CMStatistics 2023: Start Registration
View Submission - CMStatistics
B0391
Title: Area-level small area estimation with random forests Authors:  Sylvia Harmening - Otto-Friedrich-Universitaet Bamberg (Germany) [presenting]
Marina Runge - Freie Universitaet Berlin (Germany)
Timo Schmid - Otto-Friedrich-Universitaet Bamberg (Germany)
Abstract: Interactions among explanatory variables and nonlinear relationships between them and the dependent variable are present in many data applications. An approach that combines a small area estimation model with tree-based methods to provide a solution when only area-level data are available is presented.

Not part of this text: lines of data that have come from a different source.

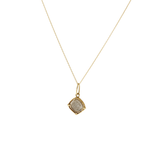 Diamond Slice Pendant in 22k Yellow Gold
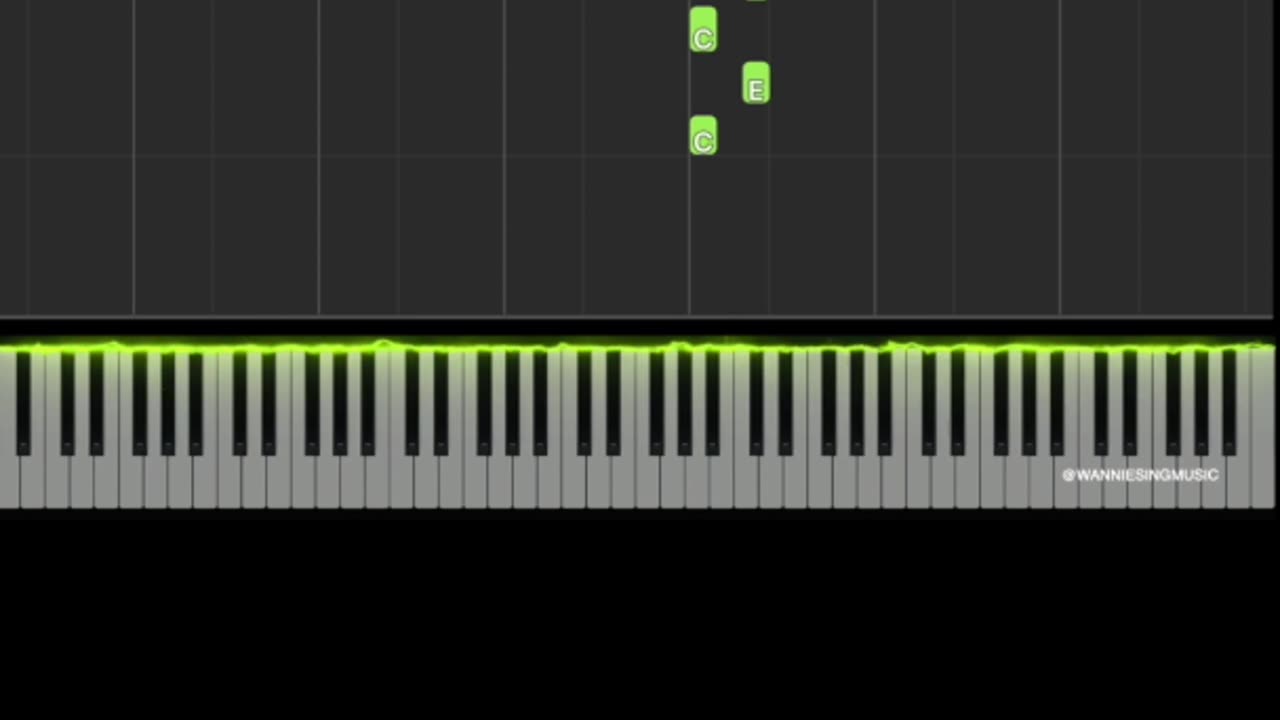 Piano tutorial of my upbeat music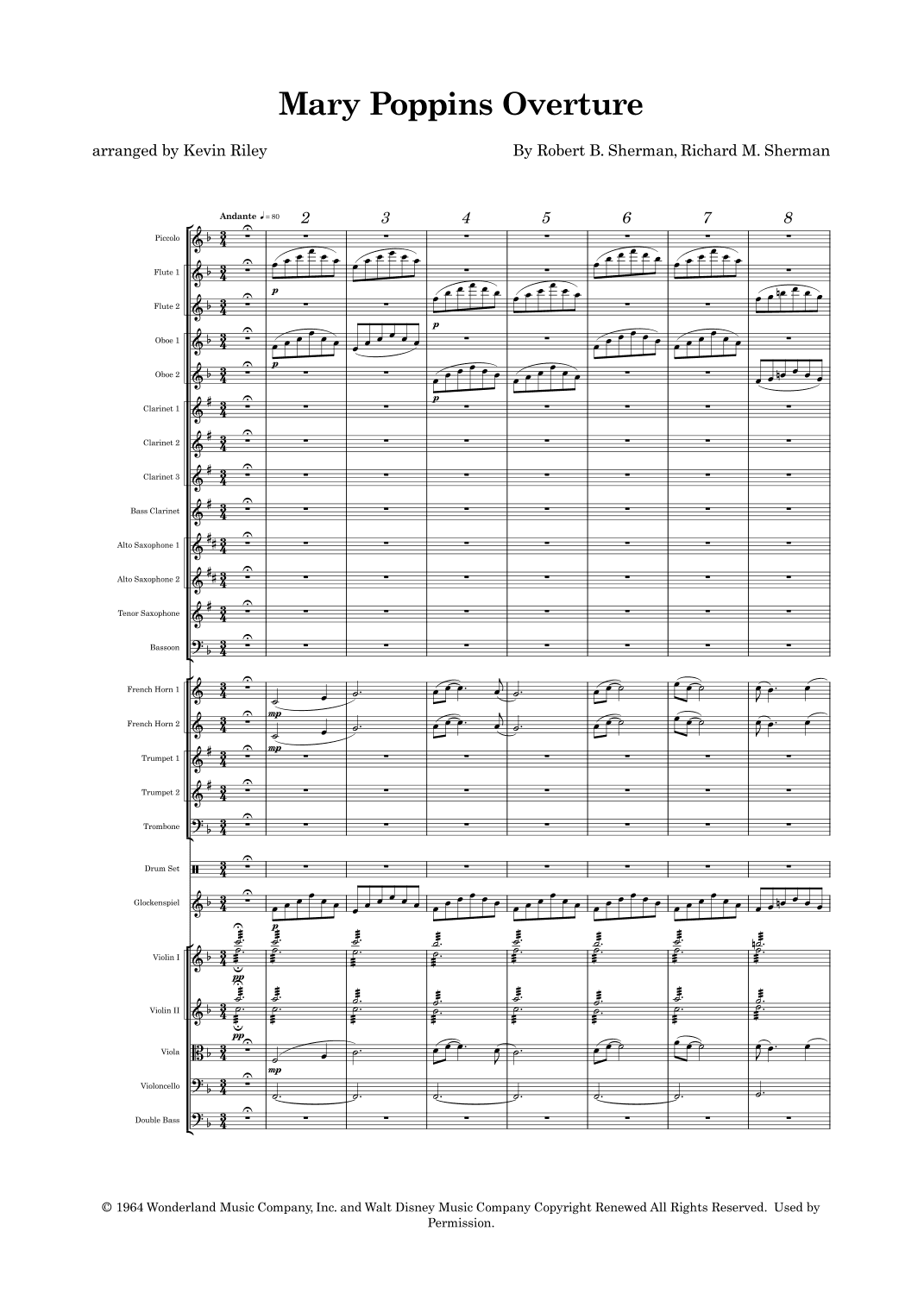 Mary Poppins: A Symphonic Fantasy (arr. Kevin Riley)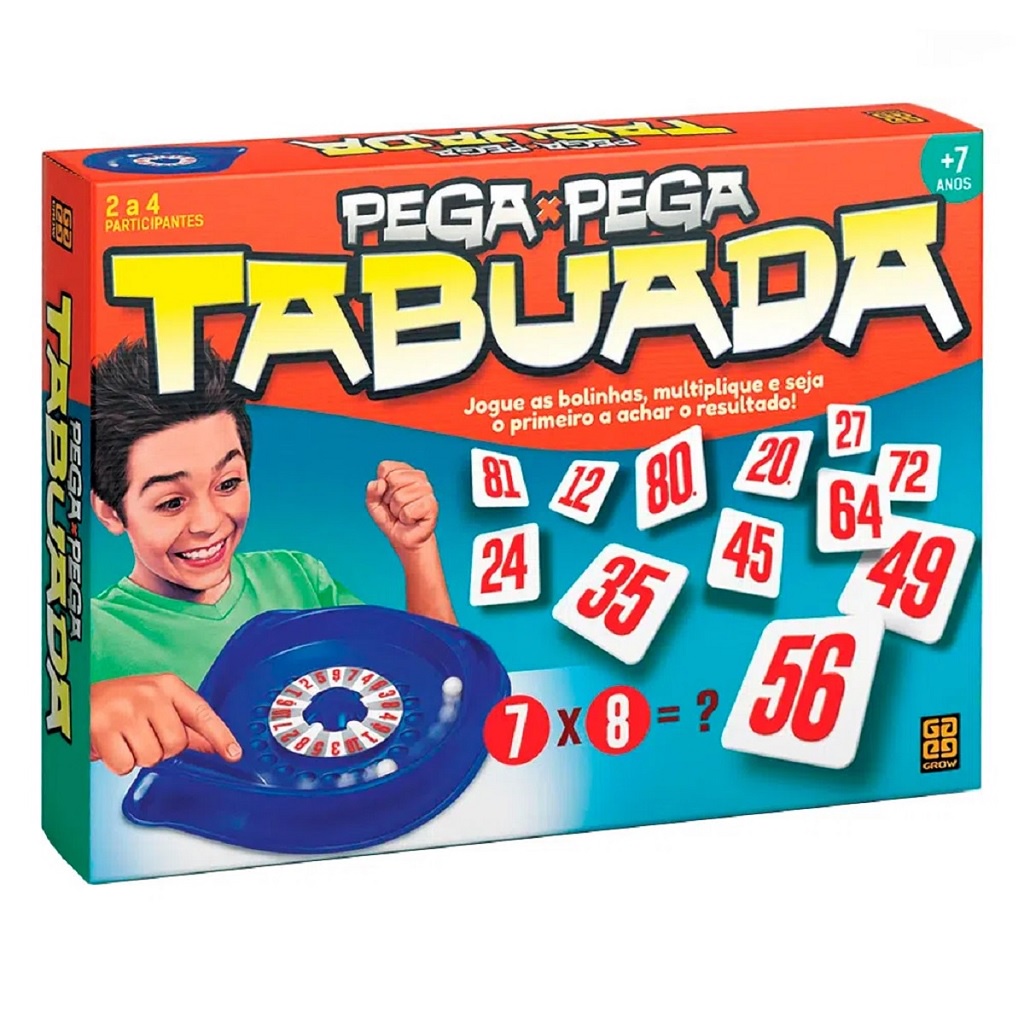 Pega Pega Tabuada 01467 - Grow em Oferta na Shopee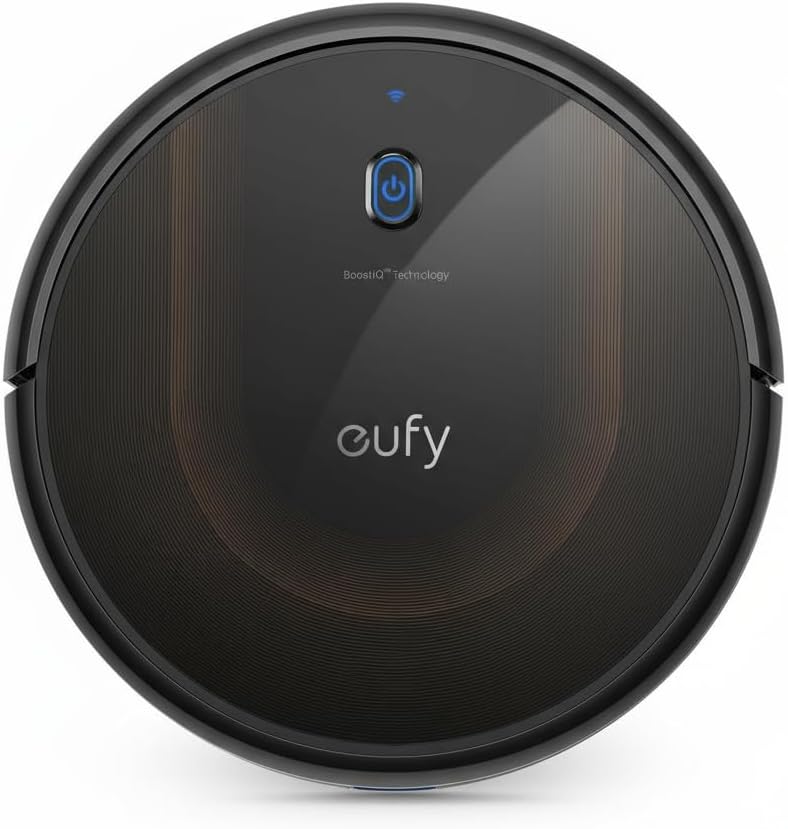 eufy C10 Robot Vacuum Self Emptying, 8 Weeks Hands Free, Advanced Smart Mapping with LiDAR Navigation, 2.85-Inch Slim Design, Powerful Suction, Edge Expansion Brush for Pet Hair, Carpet Detection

In particular, the linear regression synthetic part of the Fay-Herriot model is replaced by a random forest to link survey data with related administrative information or data from other sources. By using a random forest, possible interactions and nonlinear relationships are accounted for, and automatic variable selection and robustness to outliers are indirectly provided as a property of the random forest. To obtain point estimates for an indicator of interest, the familiar structure of the Fay-Herriot estimator is retained. The estimation is done by implementing an expectation maximization algorithm. To determine the uncertainty of the point estimator, a nonparametric bootstrap method for estimating the mean squared error is presented. To evaluate the accuracy and precision of the proposed estimator and its uncertainty measure model-based simulations are carried out. The presented methodology is also demonstrated by an illustrative application.